I know that, by definition, a Hilbert space $\mathscr{H}$ is separable if there exists a countable subset $X$ such that $\operatorname{span}(X)$ is dense in $\mathscr{H}$.
I want to prove that $\mathscr{H}$ is separable if and only if there exists a countable and dense subset.
I know I have to try with combinations like "$p+iq$" with $p$ and $q$ rational, but I can't find the way.
First off, just for the sake of clarity, the relevant definitions:
A topological space is said to be separable if it contains a countable dense subset. In other words, $X$ is separable if there exists a countable subset $\{x_n\}$ such that if $U \subseteq X$ is open and nonempty, then $U \cap \{x_n\} \ne \emptyset$.

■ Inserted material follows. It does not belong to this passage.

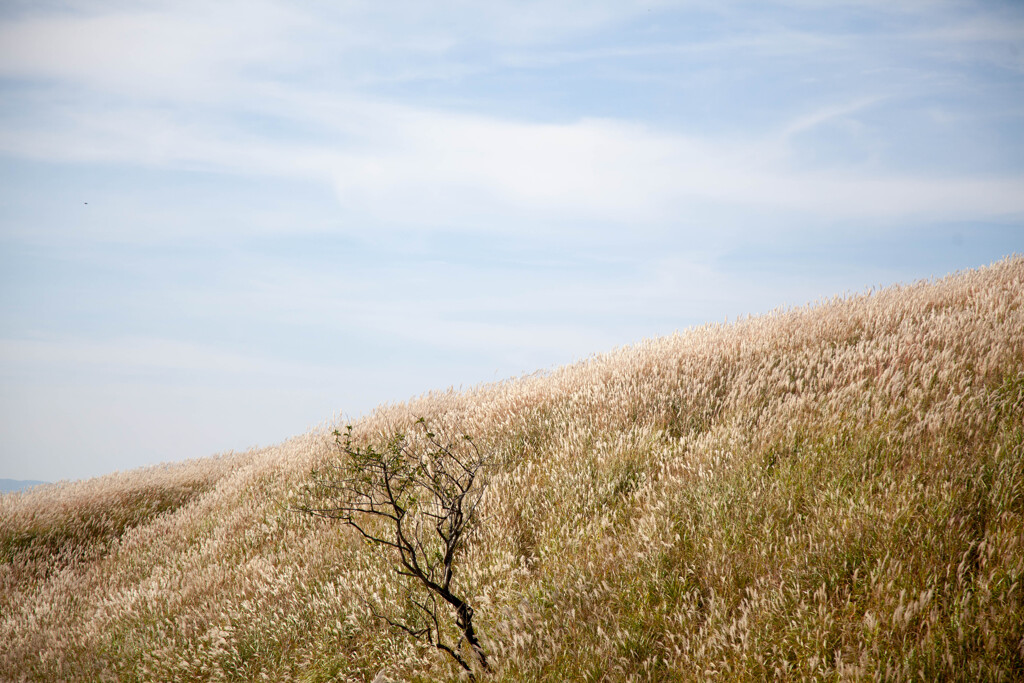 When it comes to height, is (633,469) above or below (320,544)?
above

The theorem, then, is that a Hilbert space $\mathscr{H}$ is separable if and only if there is some countable set $\{e_n\}\subseteq \mathscr{H}$ such that $\mathscr{H} = \overline{\operatorname{span}(\{e_n\})}$. Again, for clarity, note that the span of a set is the collection of all finite linear combinations of elements of that set, and by taking the closure, we get infinite linear combinations. This is equivalent to the statement that there is some subset of $\mathscr{H}$ which has a dense span in $\mathscr{H}$ (i.e. your original statement). In other words, $$ \mathscr{H} = \overline{\operatorname{span}(\{e_n\})} = \overline{\left\{ \sum_{j=1}^{\infty} \lambda_j e_j \ \middle|\ \lambda_j \in \mathbb{F}, e_j\in\{e_n\} \right\}}, $$ where $\mathbb{F}$ is the base field (we will assume that $\mathbb{F} = \mathbb{R}$—we'll use the fact that the base field is separable, and other fields (such as $\mathbb{C}$) can get the job done, but the generalization is not too hard to come by, so we'll stick with the assumption that $\mathscr{H}$ is a real Hilbert space).

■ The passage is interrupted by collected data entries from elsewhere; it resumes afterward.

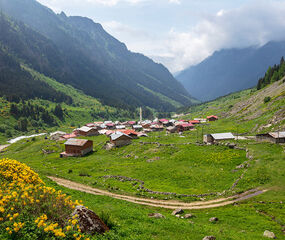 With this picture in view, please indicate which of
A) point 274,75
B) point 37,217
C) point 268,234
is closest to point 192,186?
point 268,234

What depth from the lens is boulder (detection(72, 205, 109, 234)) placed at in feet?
41.7

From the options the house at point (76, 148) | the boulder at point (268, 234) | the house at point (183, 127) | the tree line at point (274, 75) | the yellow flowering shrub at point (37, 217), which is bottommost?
the house at point (76, 148)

For the forward implication, suppose that $\mathscr{H} = \overline{\operatorname{span}(\{e_n\})}$, where $\{e_n\}$ is countable. Since $\operatorname{span}(\{e_n\})$ is dense in $\mathscr{H}$ and $\mathbb{Q}$ is dense in $\mathbb{R}$, it follows that $$ \left\{ \sum_{j=1}^{k} q_j e_k \ \middle|\ q_j \in \mathbb{Q}, e_j\in \{x_n\}, k \in\mathbb{N} \right\} $$ is a countable dense subset of $\mathscr{H}$ (this statement requires some proof, but is certainly doable—I'll leave it as an exercise). Hence $\mathscr{H}$ is separable.

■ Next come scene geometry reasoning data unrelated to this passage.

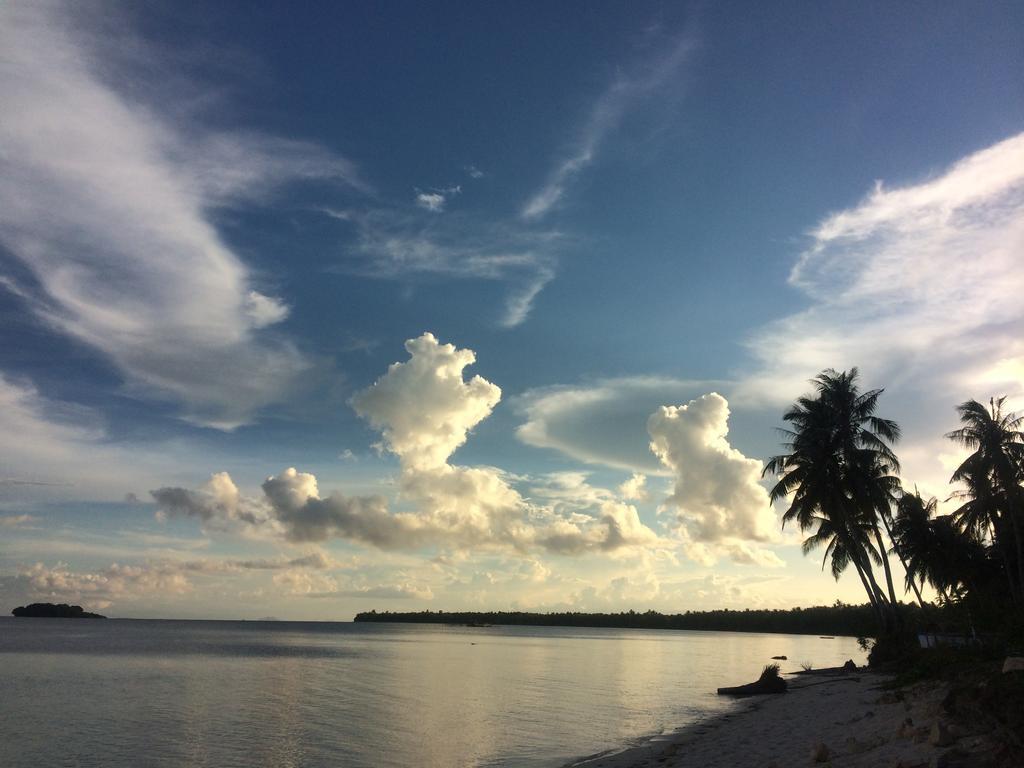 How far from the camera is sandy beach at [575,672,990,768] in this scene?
14633 mm

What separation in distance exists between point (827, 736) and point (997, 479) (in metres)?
34.3

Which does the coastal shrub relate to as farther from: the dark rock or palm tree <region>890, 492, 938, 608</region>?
the dark rock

For the reverse implication, suppose that $\mathscr{H}$ is separable. Then there exists a countable set $\{x_n\}\subseteq\mathscr{H}$ that is dense in $\mathscr{H}$. But $$ \{x_n\} \subseteq \operatorname{span}(\{x_n\}), $$ and so it follows from the density of $\{x_n\}$ that $\operatorname{span}(\{x_n\})$ is also dense in $\mathscr{H}$, which completes the argument. Or, if you prefer, we could apply the Gram-Schmidt procedure to $\{x_n\}$ in order to obtain an orthonormal set with dense span.
Look at all rational linear combinations of vectors in your countable set. This set is still countable since $\mathbb{Q}$ is. But it is dense in its span.